Sadly Athol subsequently perished in a well known grinding crash that took his life and left the car a twisted hulk of metal wreckage; all that remained of the man’s passion and commitment to land speed racing. On August 1, 1960 , running well over 300 mph, something went amiss and Athol lost control of the car. Athol was killed and the car destroyed. It was a crushing blow for Zeldine and the entire Graham family.

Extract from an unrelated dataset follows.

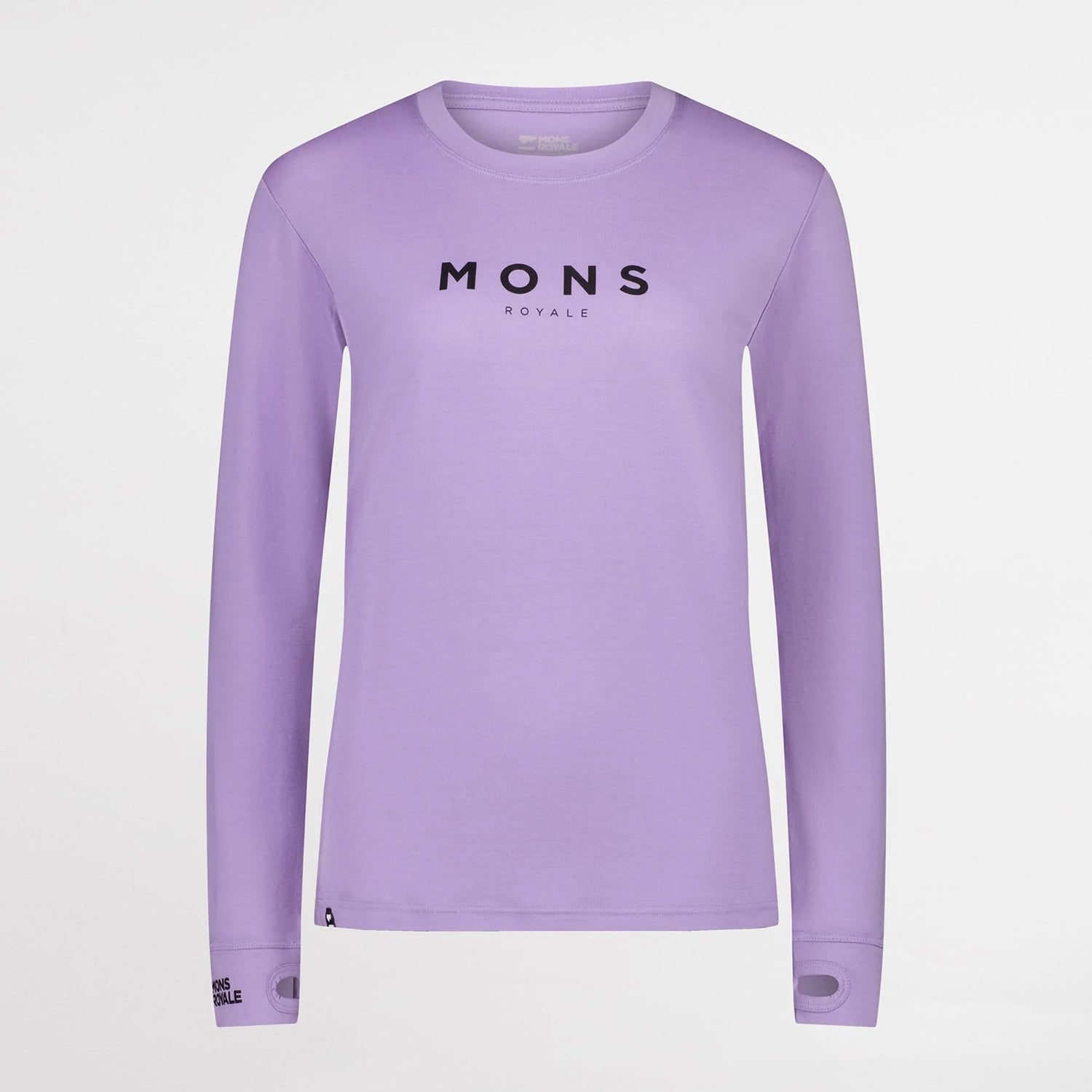 Mons Royale Yotei Merino Classic Long Sleeve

Shapiro’s unique approach relates the story of Graham’s high speed efforts in the context of the times providing brief glimpses of contemporary events and newspaper headlines that help position Graham’s story within the framework of historical events that dominated the time. The moving story is based on first person accounts and interviews with Graham’s wife Zeldine, his older brother Robert, and members of the family. He delves deeply into the Graham family revealing a classic American family within the broader context of history while setting this amazing story in ten separate sections that reveal how it began and how it carried on after Graham’s death with the subsequent reconstruction of the car.
- The Nature of Man
- America enters 'The War"
- Assault at Bonneville
- A Life Ended Too Soon
- Suddenly a Widow
- Who are the Grahams?
- She kept the Secret
- Still in the Game
- The Graham Kids
- Why did Graham's car fail
The first half of the book is devoted to Athol Graham the man, describing his passion and efforts to seek the land speed record. The second half build’s on the beginning with the touching and compelling story of the car’s reconstruction by mechanic Otto Anzjon who helped Athol build the car when he was just 18 years old. This portion of the book is wonderfully written and the story is overwhelmingly compelling. Land speed racing enthusiasts will very much relate to it and the way that Shapiro conveys the overall passion of land speed racers. It’s very much a tragic and bittersweet story set against the larger than life background of international land speed record racing.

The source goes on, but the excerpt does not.